Viet Nam

Viet Nam

Infrastructure procurement: Infrastructure investments have been a major engine of growth in Viet Nam, with investments in transport, energy, telecommunications, water, and sanitation amounting to 9-10% of GDP in recent years, a high level by international standards. However, infrastructure deficiencies still pose major constraints on further social and economic development growth in Viet Nam.

Both state budget and Official Development Assistance (ODA) are major sources of funding for infrastructure investment, however they might not be sufficient for reducing the persistent infrastructure gap identified in the country’s Socio-Economic Development Plan (SEDP). As the Vietnamese government’s resources appear insufficient to plugging this gap, PPPs are increasingly recognized as an alternative means to funding infrastructure projects. Hence “encouraging and creating favourable conditions for private investments into infrastructure” is featured as an objective in the Master Plan on Economic Restructuring for the 2013-20 period. PPP projects are explicitly encouraged in the transport, water, waste and power sectors.
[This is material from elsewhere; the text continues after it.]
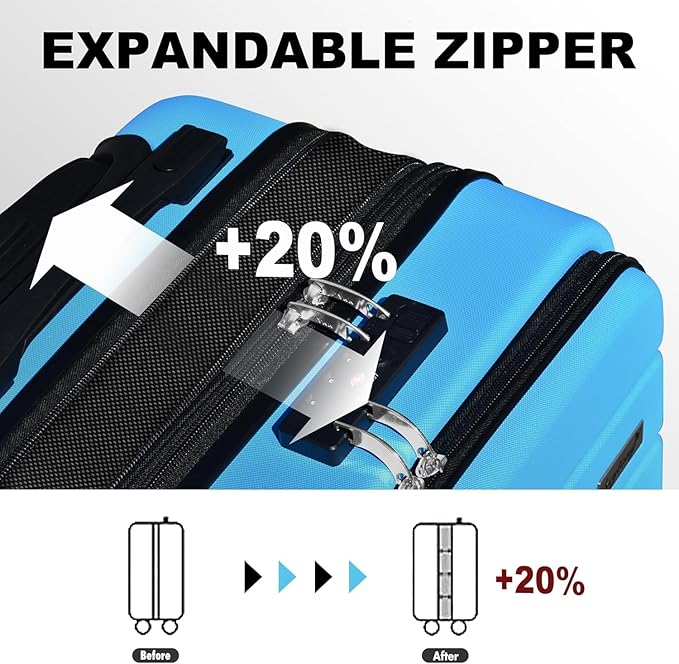 Explorer 20 Inch Carry On - Hardshell Suitcases with Front Pocket, Blue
PPP projects: Whilst the majority of PPP contracts used Build-Operate-Transfer (BOT) structures, other forms of concession exist, including Build-Transfer-Operate (BTO) and Build-Own-Operate (BOO) contracts. The Government recently released a list of national projects calling for foreign investment, which might be seen as a promising start to developing a pipeline of viable projects.
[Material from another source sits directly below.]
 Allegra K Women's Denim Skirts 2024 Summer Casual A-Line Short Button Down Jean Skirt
Overview of Public Interventions
Subsidies & Guarantees
Infrastructure Tax Incentives The Government provides tax incentives for PPP projects such as:

• Exemption from certain import and export duties
• Reduction and exemption from corporate income taxes for profits reinvested in certain sectors in Viet Nam
• Accelerated depreciation of fixed assets for projects in certain sectors and geographic areas
• Concessional 10% tax rate for the project duration
• Exemption or reduction of land use rights or land rent
• Preferential tax rates for PPP projects using the BOT, BTO and BT structure in industrial and export processing zones
• Losses could be carried forward up to 5 years
For more information, see: Law on Investment and Decree 15.
Revenue guarantees The government could provide minimum revenue guarantee but Decree 15 does not refer to minimum revenue guarantees.
Guarantees covering political risks The 2014 Investment Law and Decree 15 (2015) enable State Agency to provide guarantees on behalf of the Government on the provision of raw materials, the sale of products and services, and other contractual obligations to the project sponsors.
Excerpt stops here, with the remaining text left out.